“What have I done? What have I done? I am a good person, but I did a bad thing.”
These words are the last thoughts of someone else—and tonight I become them. While these words might not be own, I say them aloud. “I am a good person, but I did a bad thing” The words repeat again in my voice, but my mouth is not moving. The words echo across my mind, filling me with a guilt I was unaware I had. They continue to repeat as I step into a dimly lit bathroom bathed in red. And it’s here that I am greeted by the horrific truth of what I did.
The Chalet is a remount of Annie Lesser’s smash-hit A(partment 8), which kicked off the ambitious The ABC Project—a series of twenty-six immersive experiences based on a location and a letter of the alphabet. Guests of The Overlook Film Festival were able escape the expansive halls and grand foyers to experience something a little more intimate. Meet a woman at a small alcove; remove your coat, your belongings, your inhibitions, and clear your mind. Nothing is more important that what you are about to experience.
While to share any details of the experience would spoil the beauty and personal connection felt during this ten-minute journey, I can speak to the larger themes. This show was intimate. Just you and one actress, in a small room permeated with vulnerability. It’s uncomfortable. A vast personal history exists between you and this person; she is there because of you. There’s no easing into this show. You are thrust into its poetically dark narrative and forced to be accountable, present, and open.
Ultimately, The Chalet is an exercise in empathy. Open yourself up to the feelings of another person, and then try to understand what the feelings were that led you down this dark path. Once you understand your own emotions and those of the young girl in front of you, you become inextricably intertwined with this experience. Where you end and it begins is blurred. The feelings that are implanted will reside within you for weeks—if not years.
This show speaks volumes of Annie Lesser’s artistry and Keight Leighn’s fearlessness. Leighn gives Lesser’s work a body to inhabit, taking formless brilliance and giving it shape. Thus, this living breathing performance adapts to each patron differently—depending on their actions, responses, feelings. It becomes something special in that each moment is fleeting; disappearing with the water down the bathtub drain.

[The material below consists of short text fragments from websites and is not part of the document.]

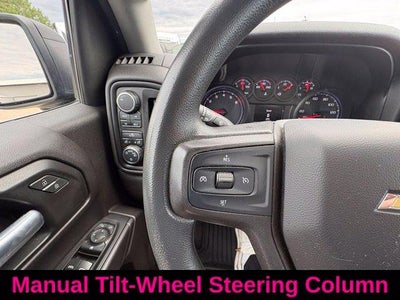 2020 Chevrolet Silverado 1500 Crew Cab Short Box 4-Wheel Drive Custom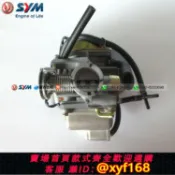 幸福時光館 {保固一年 可打統編}SYM 廈杏 三陽機車 新款悍將XS125T-2D 2E 2F 2G 化油器總成 國三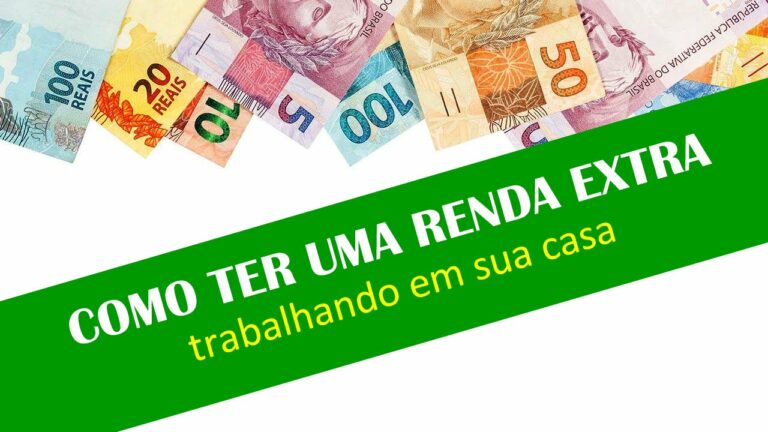 Renda extra 100% de lucro. Trabalhe Home Office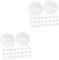 GLEAVI 2pcs 1 Tart Muffin Flask Oven Oats Bin Kit Baubles Baking Jar Fryers Food Air Fryer Accessories Bento Instant Dual Liners Bread Utensil Cookware Mini Pie Pot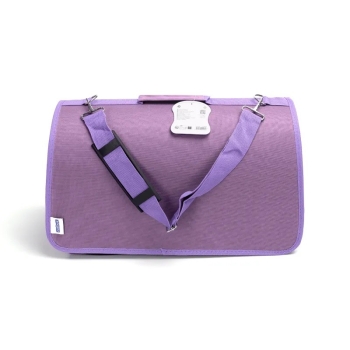 Torba M transportowa dla psa lub kota 44x25x25cm z okienkiem na ramię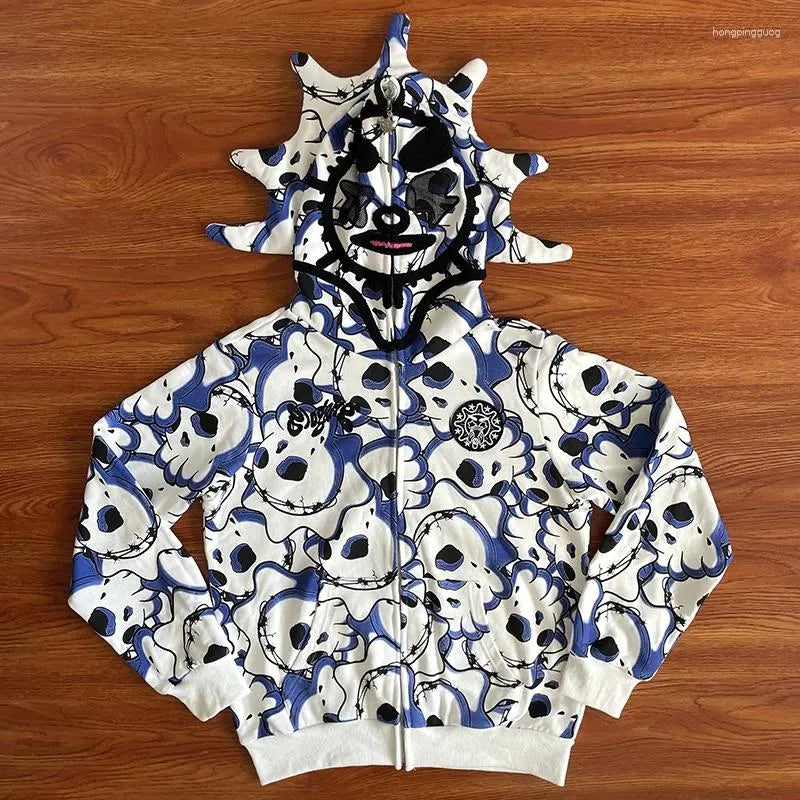 Glo Gang Zip Hoodies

This is a true work of art that cannot be explained; it has to be experienced. It’s a story of love and the horrors behind it. But it’s more-so a story of you and your willingness to empathize with another person. Open your heart and step into that apartment, or that chalet, and remember: you are a good person, but you did a bad thing.
As The Chalet is a remount of A(partment 8), please check the Fringe Festival Page for more information and for tickets. This is a must see show! For more information on The ABC Project, please check their Facebook.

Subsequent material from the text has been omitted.